The article focuses on the problems for those corporate officers, and in particular CFOs, that stem from holding employer stock in plans, which are acute as a result of the inherent conflict between the business needs of the company with regard to its publicly traded stock and the potentially distinct risks to plan participants of financial loss from holding that stock in a plan. When problems with a stock arise, a corporate officer’s actions in response in one direction may benefit one side of that equation at the expense of the other, at the same time that different actions by that same officer could reverse that calculus. When the resolution of that problem results in losses to the company stock held by the plan or its participants, the fiduciaries enter the cross-hairs for litigation and potential resulting liability based on the possibility they have breached their fiduciary duties to the plan participants by those actions.

The article poses as one solution the creation of a data driven system that preordains decision making with regard to company stock holdings, based on such issues as changes in stock price, etc., thereby taking the day in, day out discretion over what to do with the stock holdings out of the hands of the fiduciaries. There are many benefits to such an approach when it comes to defending possible breach of fiduciary duty claims down the road involving those stock holdings, but it is far from a get out of jail free card. At a minimum, the corporate officers who have been serving as plan fiduciaries, whether in name or by operation of law, are likely to be accused of having breached their fiduciary duties by erring in creating, selecting and putting the automatic system into place in the first place, and by failing to monitor or adjust the system along the way in response to any changing dynamics in the marketplace.
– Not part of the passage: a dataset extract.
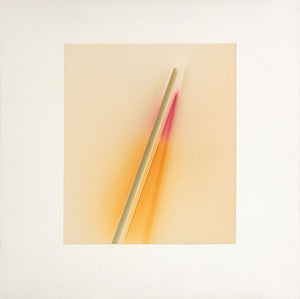 Anne Sager Abstract Composition in Cream Photogram (9790621778227)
As the Seventh Circuit’s decision this month in Kraft Foods reflects, there is no doubt that good class action lawyers and good financial experts can identify and target financial anomalies in any system designed to process employer stock holdings, and they will do that with this approach as well. It doesn’t mean the author’s proposal doesn’t have merit, and I can see many ways in which it would strongly aid in the defense of a breach of fiduciary duty claim against corporate officers.

However, it doesn’t change the fact that the best approach to the defense of such corporate officers is either to keep employer stock out of the plan itself or, in a move court tested and approved by at least one circuit, move the entire management and decision making on whether to hold company stock or not, and if so when to buy and sell it, out of the company and onto very qualified outside advisors. This will still, just like the case as noted above with regard to the author’s proposal for creating an automated system, not completely exempt the corporate officers who are fiduciaries from the risk of liability, but will make it very, very hard to recover from them; they can still be sued for alleged errors in selecting and then failing to monitor that outside advisor, but if the outside experts are well-chosen, that’s going to be a hard row to hoe to recover from them.